I will order a diagonal wheel to see if I can make a carrier head to do straight knurls as well.

Thank you bazmak for the excellent design, much easier to make than some of the other examples out there.


----------



## Kerrin Galvin (Oct 7, 2017)

Hi Gerrit,
 Looks good! They work extremely well don't they?
Guess I should've just made mine as a block to fit a standard tool holder, as you have done, it would have been lots cheaper! But it reduced the overhang & I'm happy with mine.

Cheers Kerrin


----------



## gerritv (Oct 7, 2017)

If I had a larger 60° dovetail cutter then it would have been direct mount for me as well. But didn't want to put the project on the shelf while waiting for a cutter to arrive.


----------



## bazmak (Oct 7, 2017)

Good on you both and glad it works well.If you read my thread you see
i started with the basic idea and not knowing the results.First was a fabricated holder from angle and flat welded together.This proved the concept and proceeded
to work thru various holders from solid blocks to clamp in the 4 way toolpost
before arriving at the current model.with different heads and various bodies
to suit the QCTP etc. During my experiments i found that the depth of cut was
about 15 thou for fine knurls to about 35 thou for coarse knurls. For short knurls i prefer hand feed,with a single pass on alum and  brass and a couple of passes on steel etc. Hand  feed in AND out gives a crisper knurl to brass
As you say the additional angle gives more of a square knurl.I just angle the wheels at a nom 2/3o,to give a diamond pattern.This also gives a lead in
for the in cut and and a nice bite/finish cut on the out.No doubts lots to learn
so enjoy playing about and please keep this post going.What i like now that most things are sorted is that i have a no of tools i can just pick to suit and know i will get a consistant good quality knurl without straining the lathes. Speeds between 150 and 250 rpm
I finished with lots of bars of different materials which i gradually used up. I found it better to knurl first before finish turning


----------



## Nick Hulme (Oct 7, 2017)

There must be a missing factor in the design because it works but manages to make Cut Knurling look like not-so-good Formed Knurling. 
I'm guessing that the issue is angle because my Cut Knurling tools need adjustment for diameter and can produce poor knurling if not correctly adjusted, 

 - Nick


----------



## gerritv (Oct 7, 2017)

I'm still learning about depth of cut and feed rate so perhaps there will be improvement. Although I don't expect commercial quality, I can at least produce 'acceptable to me' knurls for the first time 

I agree on the lack of adjustment being a potential problem beyond some diameter range. I have however seen commercial cut knurling tools with no adjustment either, I think Dorian has a range of 3 to cover the diameters?
Overall this type of knurling is very sensitive to the wheels being centered accurately, every style/brand emphasises that.

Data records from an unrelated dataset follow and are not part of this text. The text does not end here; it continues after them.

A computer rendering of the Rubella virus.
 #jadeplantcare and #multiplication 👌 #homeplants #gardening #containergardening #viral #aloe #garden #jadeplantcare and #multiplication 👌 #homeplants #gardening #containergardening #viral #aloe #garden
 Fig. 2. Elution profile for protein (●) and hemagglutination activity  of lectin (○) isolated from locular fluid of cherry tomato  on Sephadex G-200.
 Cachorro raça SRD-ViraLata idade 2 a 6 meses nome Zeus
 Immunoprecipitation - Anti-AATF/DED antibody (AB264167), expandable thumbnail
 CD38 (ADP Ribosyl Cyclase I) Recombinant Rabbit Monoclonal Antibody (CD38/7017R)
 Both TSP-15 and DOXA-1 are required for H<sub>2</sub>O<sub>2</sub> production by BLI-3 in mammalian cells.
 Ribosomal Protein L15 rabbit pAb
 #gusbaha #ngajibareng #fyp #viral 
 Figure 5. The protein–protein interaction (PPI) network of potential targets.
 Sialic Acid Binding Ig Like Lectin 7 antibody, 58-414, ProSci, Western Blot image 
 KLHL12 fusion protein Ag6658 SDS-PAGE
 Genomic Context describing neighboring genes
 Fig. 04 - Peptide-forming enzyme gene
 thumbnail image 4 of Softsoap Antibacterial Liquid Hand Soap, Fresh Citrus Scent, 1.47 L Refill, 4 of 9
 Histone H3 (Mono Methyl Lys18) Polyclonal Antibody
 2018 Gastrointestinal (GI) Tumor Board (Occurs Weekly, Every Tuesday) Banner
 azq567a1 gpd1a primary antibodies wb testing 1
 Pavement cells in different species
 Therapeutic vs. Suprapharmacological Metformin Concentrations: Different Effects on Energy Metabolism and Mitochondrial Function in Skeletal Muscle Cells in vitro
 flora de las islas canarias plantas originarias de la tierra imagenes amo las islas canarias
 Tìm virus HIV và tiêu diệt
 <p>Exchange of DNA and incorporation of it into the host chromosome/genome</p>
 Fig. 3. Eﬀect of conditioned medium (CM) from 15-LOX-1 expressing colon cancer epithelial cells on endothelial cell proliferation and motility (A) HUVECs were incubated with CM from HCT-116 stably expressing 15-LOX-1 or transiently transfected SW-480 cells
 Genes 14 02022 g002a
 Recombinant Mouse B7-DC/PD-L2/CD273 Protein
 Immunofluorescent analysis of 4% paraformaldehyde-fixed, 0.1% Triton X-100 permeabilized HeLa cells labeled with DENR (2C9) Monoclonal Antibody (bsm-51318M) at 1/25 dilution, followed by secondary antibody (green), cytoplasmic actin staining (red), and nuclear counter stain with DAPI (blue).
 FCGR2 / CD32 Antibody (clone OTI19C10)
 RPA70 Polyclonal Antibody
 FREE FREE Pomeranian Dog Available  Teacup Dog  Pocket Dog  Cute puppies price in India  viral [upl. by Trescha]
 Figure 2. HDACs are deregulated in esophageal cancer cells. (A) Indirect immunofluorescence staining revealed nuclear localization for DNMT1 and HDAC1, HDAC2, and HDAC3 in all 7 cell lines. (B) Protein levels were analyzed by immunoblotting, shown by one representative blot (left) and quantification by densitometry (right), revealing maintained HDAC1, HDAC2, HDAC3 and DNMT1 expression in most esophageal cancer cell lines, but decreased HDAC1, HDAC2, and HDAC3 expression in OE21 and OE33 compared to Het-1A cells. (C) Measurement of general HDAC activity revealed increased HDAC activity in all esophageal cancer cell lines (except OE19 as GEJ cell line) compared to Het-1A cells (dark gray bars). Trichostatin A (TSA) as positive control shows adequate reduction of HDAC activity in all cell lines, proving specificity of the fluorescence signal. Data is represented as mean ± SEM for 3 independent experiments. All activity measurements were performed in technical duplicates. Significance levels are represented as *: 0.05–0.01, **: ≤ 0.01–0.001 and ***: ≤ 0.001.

Edit: Having just re-read the Dorian catalog, there is a lot of guidance there on how to re-design the carrier head for more predictable knurls. For now mine is 'good enough' but will very likely revisit with a new carrier head at some time.
http://www.doriantool.com/wp-content/uploads/SEC-H-Knurling-Tools_LowRes.pdf

Gerrit


----------



## bazmak (Oct 8, 2017)

I have no idea how much the Dorian is,but guess at 100s of dollars
I am happy with mine for the price.As you say its much better than 
a crush knurl but not as proffessional as a dorian


----------



## gerritv (Oct 8, 2017)

USD600-900 for the Dorian. Never going to happen here 
But, much can be gleaned from their catalog.


----------



## Wizard69 (Oct 8, 2017)

gerritv said:


> I'm still learning about depth of cut and feed rate so perhaps there will be improvement. Although I don't expect commercial quality, I can at least produce 'acceptable to me' knurls for the first time


This brings up an interesting question have you seen any reference on how to calculate feed rates for such knurls?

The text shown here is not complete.